- [Problem to solve]: Transcribe the data below verbatim from the line with "Girls' LILAC Butterfly" to the line with "Smart Health Ring Fitness Tracker by Milavan". Include both of those lines.

- [Information]:
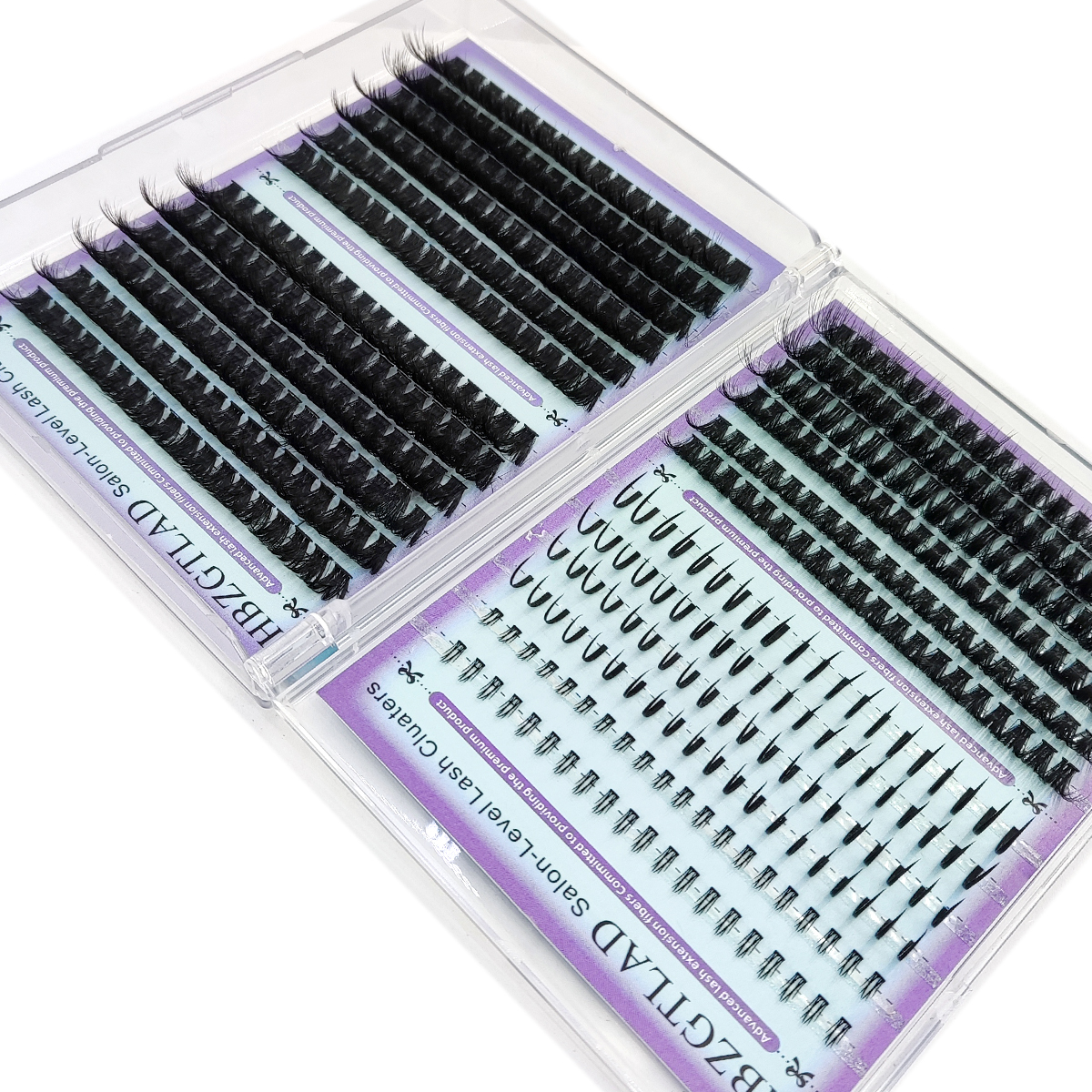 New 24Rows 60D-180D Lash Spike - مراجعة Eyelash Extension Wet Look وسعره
--
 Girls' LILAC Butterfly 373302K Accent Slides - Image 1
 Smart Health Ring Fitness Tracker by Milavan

- [Exercise answer]:
 Girls' LILAC Butterfly 373302K Accent Slides - Image 1
 Smart Health Ring Fitness Tracker by Milavan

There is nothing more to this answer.